%%

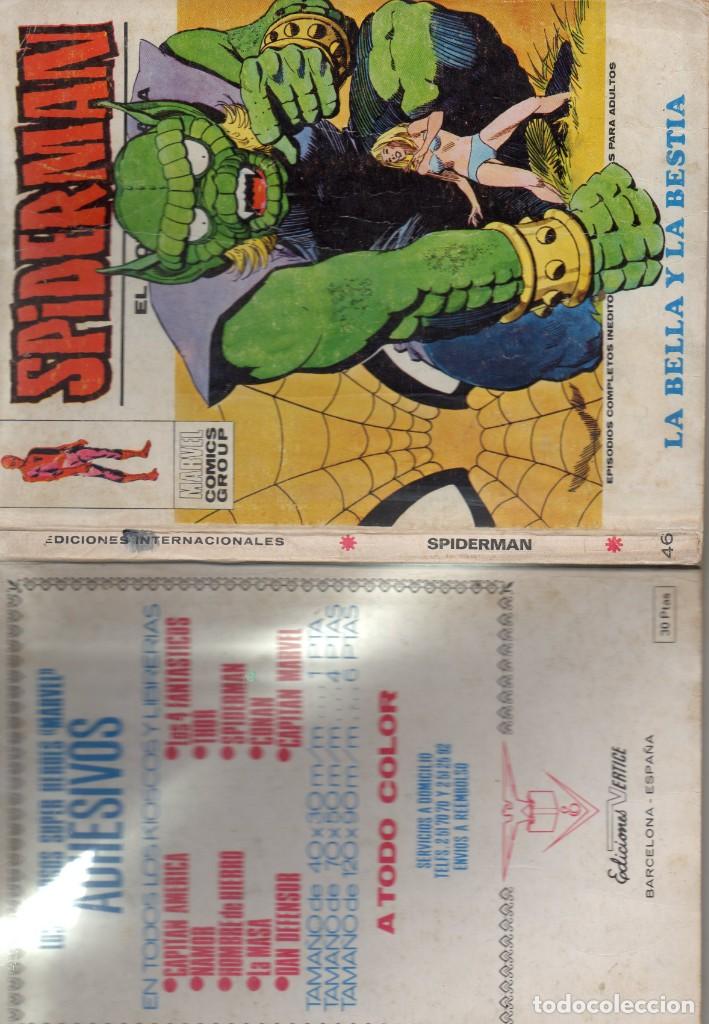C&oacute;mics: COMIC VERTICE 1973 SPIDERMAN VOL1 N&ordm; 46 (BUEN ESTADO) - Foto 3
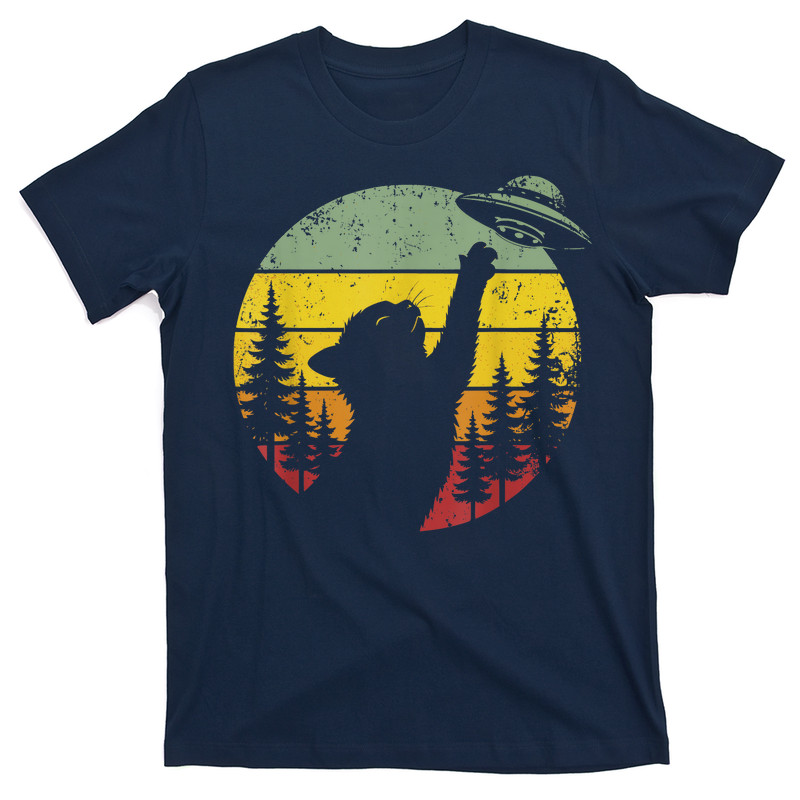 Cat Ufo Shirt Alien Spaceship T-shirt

%%
%%

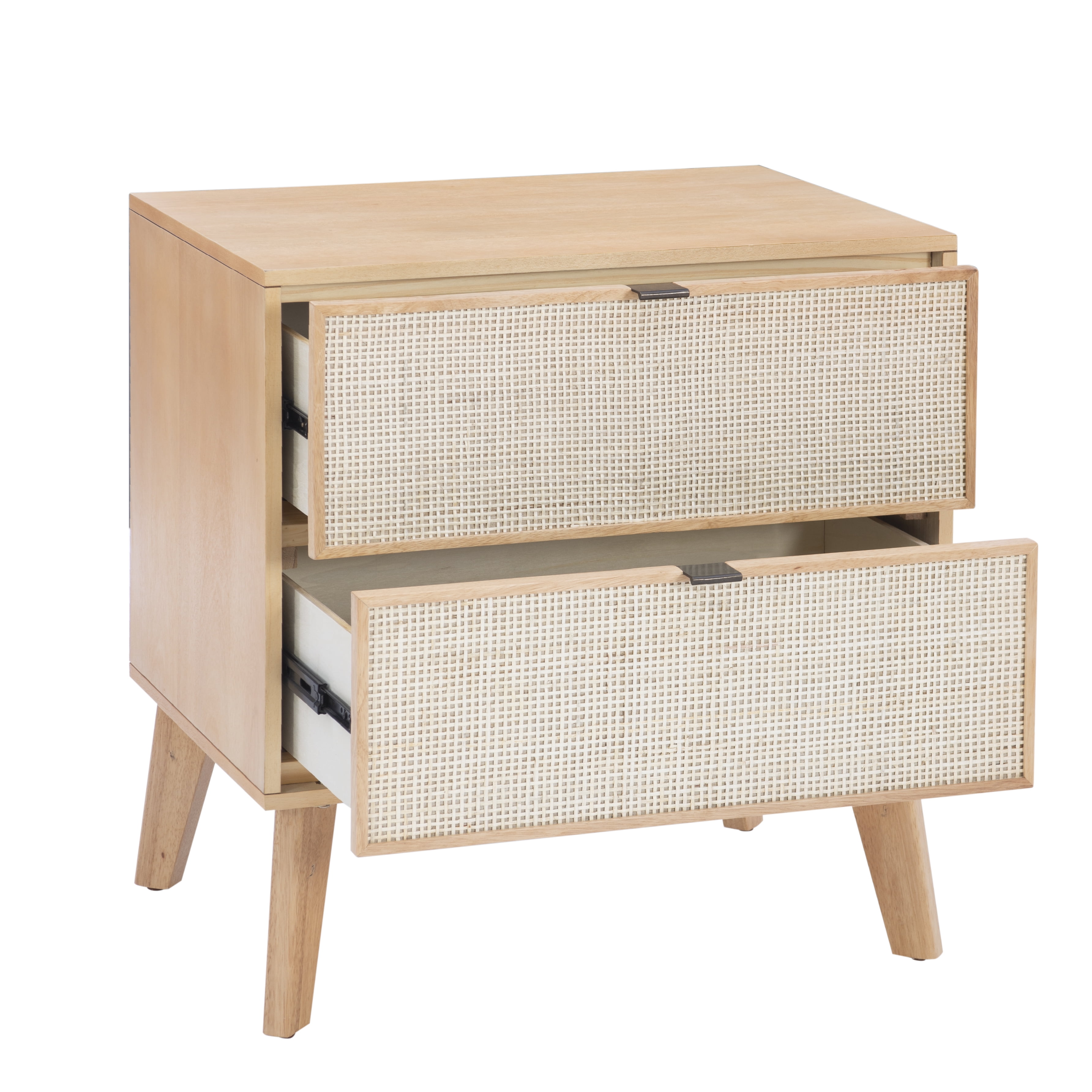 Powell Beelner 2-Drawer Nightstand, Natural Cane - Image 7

%%
%%

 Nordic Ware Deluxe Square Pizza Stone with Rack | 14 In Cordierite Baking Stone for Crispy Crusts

%%

* DIRECTIONS FOR THIS TASK: From the line containing "C&oacute;mics: COMIC VERTICE" through the line containing "Cat Ufo Shirt Alien Spaceship T-shirt", copy every line above exactly, without pictures.

* WRITTEN RESPONSE:
C&oacute;mics: COMIC VERTICE 1973 SPIDERMAN VOL1 N&ordm; 46 (BUEN ESTADO) - Foto 3
 Cat Ufo Shirt Alien Spaceship T-shirt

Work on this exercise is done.